→ **Your task**
Leave out the pictures and repeat the entries below verbatim.
[Extracted data — start]
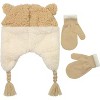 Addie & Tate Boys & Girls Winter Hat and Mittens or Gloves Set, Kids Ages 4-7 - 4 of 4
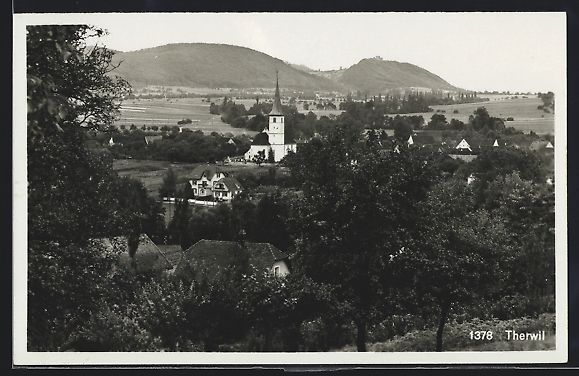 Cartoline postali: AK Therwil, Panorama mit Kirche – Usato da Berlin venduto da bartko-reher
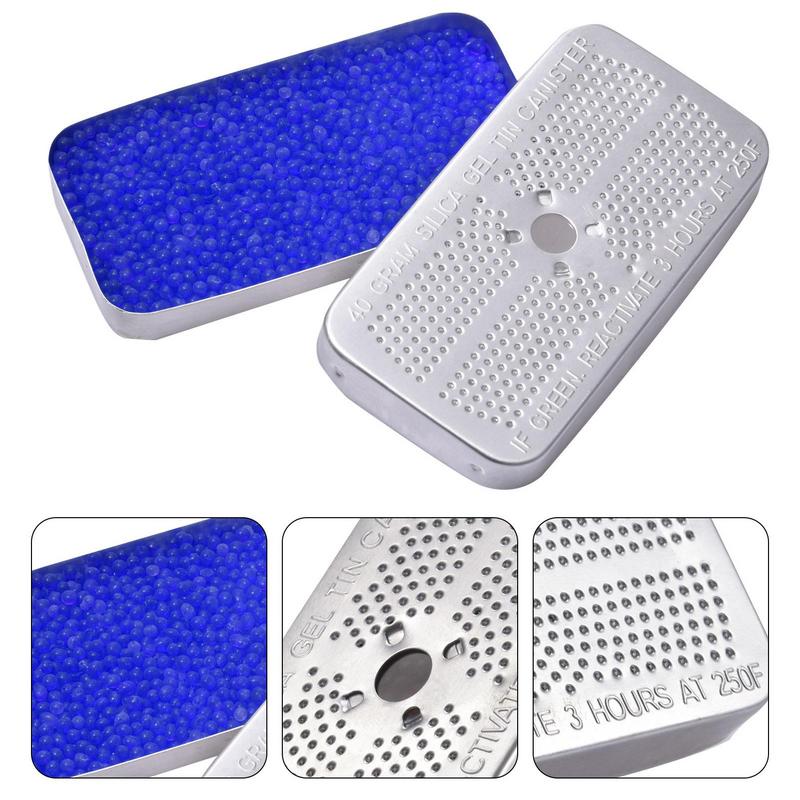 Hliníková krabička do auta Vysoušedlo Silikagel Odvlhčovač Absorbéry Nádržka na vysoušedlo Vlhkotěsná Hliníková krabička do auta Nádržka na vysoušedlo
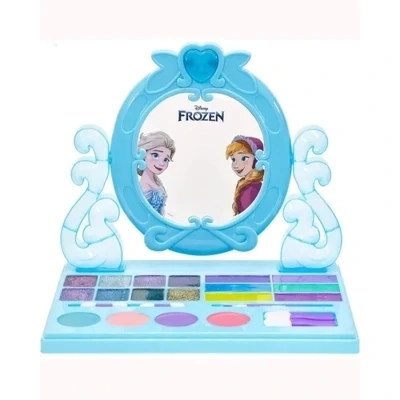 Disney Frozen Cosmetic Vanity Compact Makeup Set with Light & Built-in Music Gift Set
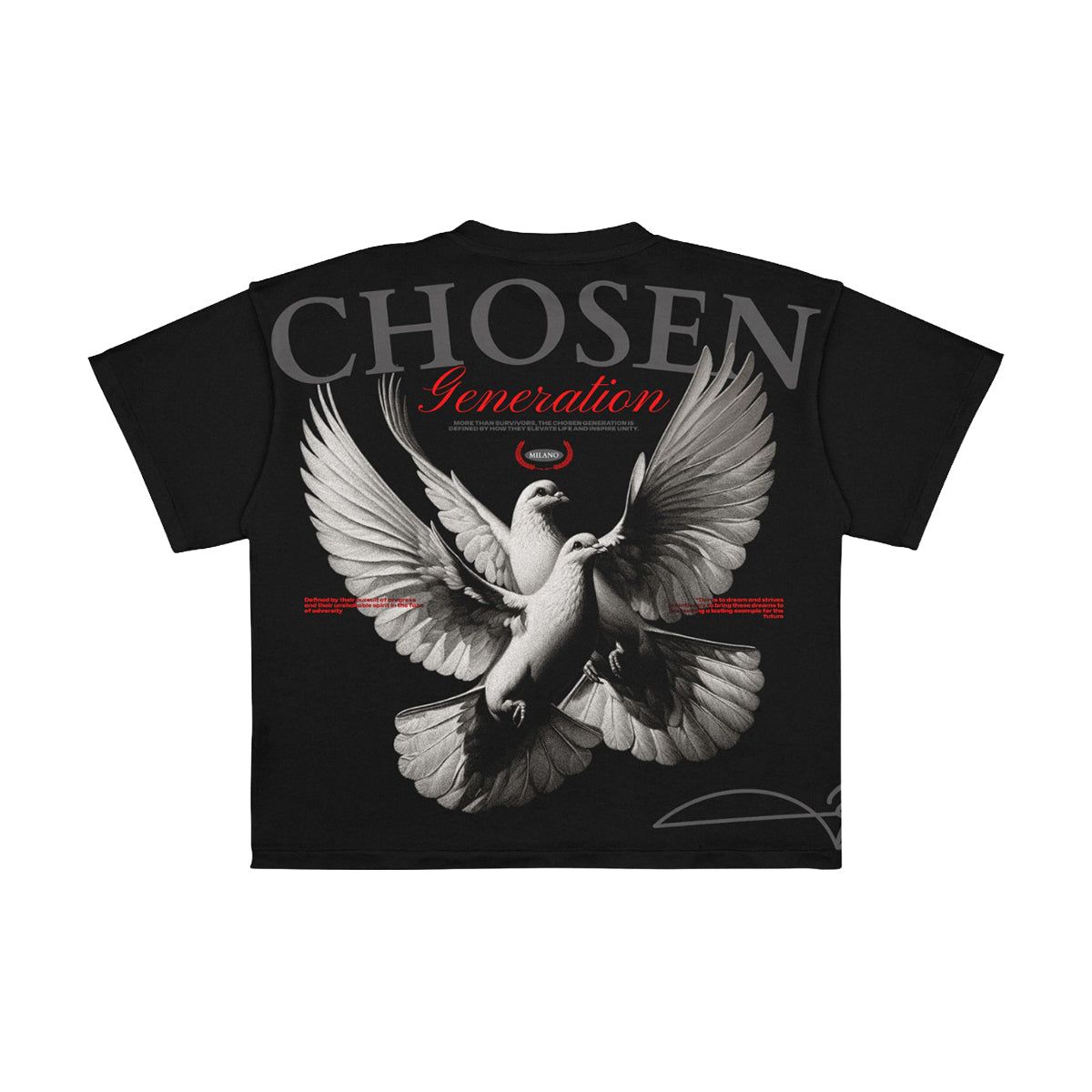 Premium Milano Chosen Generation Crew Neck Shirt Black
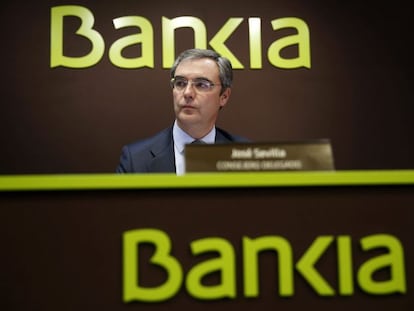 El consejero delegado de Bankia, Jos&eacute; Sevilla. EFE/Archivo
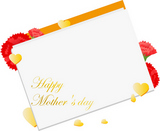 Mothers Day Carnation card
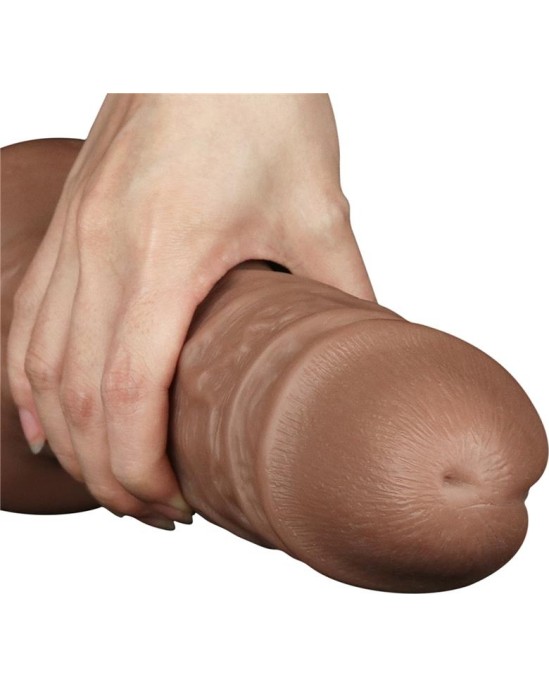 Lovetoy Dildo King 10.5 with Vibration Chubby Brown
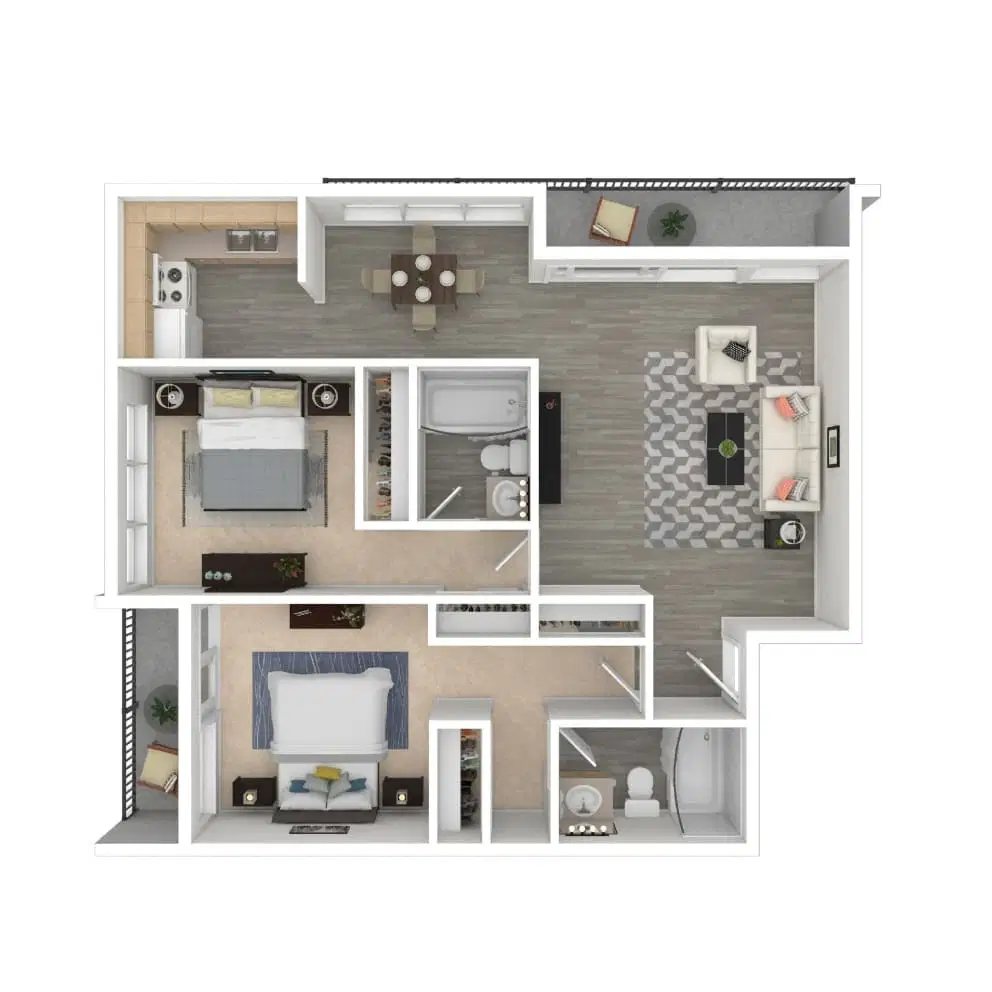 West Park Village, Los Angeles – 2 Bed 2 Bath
[Extracted data — finish]
→ **Response box**
 Addie & Tate Boys & Girls Winter Hat and Mittens or Gloves Set, Kids Ages 4-7 - 4 of 4
 Cartoline postali: AK Therwil, Panorama mit Kirche – Usato da Berlin venduto da bartko-reher
 Hliníková krabička do auta Vysoušedlo Silikagel Odvlhčovač Absorbéry Nádržka na vysoušedlo Vlhkotěsná Hliníková krabička do auta Nádržka na vysoušedlo
 Disney Frozen Cosmetic Vanity Compact Makeup Set with Light & Built-in Music Gift Set
 Premium Milano Chosen Generation Crew Neck Shirt Black
 El consejero delegado de Bankia, Jos&eacute; Sevilla. EFE/Archivo
 Mothers Day Carnation card
 Lovetoy Dildo King 10.5 with Vibration Chubby Brown
 West Park Village, Los Angeles – 2 Bed 2 Bath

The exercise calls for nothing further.